2. The mechanical seal structure for the aviation oil-cooled generator according to claim 1, characterized in that: and a lubricating oil recovery oil path is arranged in the end cover assembly (3) and/or the shell assembly (4) and is used for returning lubricating oil after the dynamic seal matching surface (8) is washed and cooled.

3. The mechanical seal structure for the aviation oil-cooled generator according to claim 2, characterized in that: the shell component (4) is in static sealing fit with the end cover component (3) through an O-shaped sealing ring (5), and the end cover component (3) is in static sealing fit with the static ring component (2) through an O-shaped sealing ring (7) and a sealing gasket (6).

4. The mechanical seal structure for the aviation oil-cooled generator according to claim 2, characterized in that: the static ring assembly (2) comprises a wave spring (21), an O-shaped sealing ring (23), a graphite ring (24) and a supporting ring assembly (25); the supporting ring component (25) comprises a bracket (251), a key (252), an O-shaped sealing ring (253) and a supporting ring (254);

5. The mechanical seal structure for the aviation oil-cooled generator according to claim 4, characterized in that: when the dynamic seal matching surface (8) is abraded, the pretightening force of the wave spring (21) can enable the graphite ring (24) to perform compensation movement along the axial direction, and meanwhile, the O-shaped sealing ring (23) also performs compensation movement correspondingly.

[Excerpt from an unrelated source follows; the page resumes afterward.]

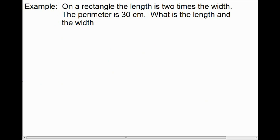Here's a case where we have a rectangle where the length is 2 times the width — that's one piece of information. Another piece is that the perimeter is 30 centimeters. The question is: what is the length and the width? Again, the first thing you want to ask yourself is: if I could know one of these pieces of information, which one would I want to know first? I'd want to know the width first, because if I knew the width, I could just multiply it by 2 to get the length.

6. The mechanical seal structure for the aviation oil-cooled generator according to claim 5, characterized in that: the edge of the outer ring of the U-shaped structure in the bracket (251) is provided with an inward closing-in to prevent the graphite ring (24) from separating from the U-shaped space.

7. The mechanical seal structure for the aviation oil-cooled generator according to claim 2, characterized in that: the static ring assembly (2) comprises a wave spring (21), an O-shaped sealing ring (23), a graphite ring (24), a supporting ring (25) and a clamping ring (26);

8. The mechanical seal structure for the aviation oil-cooled generator according to claim 7, characterized in that: when the dynamic seal matching surface (8) is abraded, the pretightening force of the wave spring (21) can enable the graphite ring (24) to perform compensation movement along the axial direction, and meanwhile, the O-shaped sealing ring (23) also performs compensation movement correspondingly.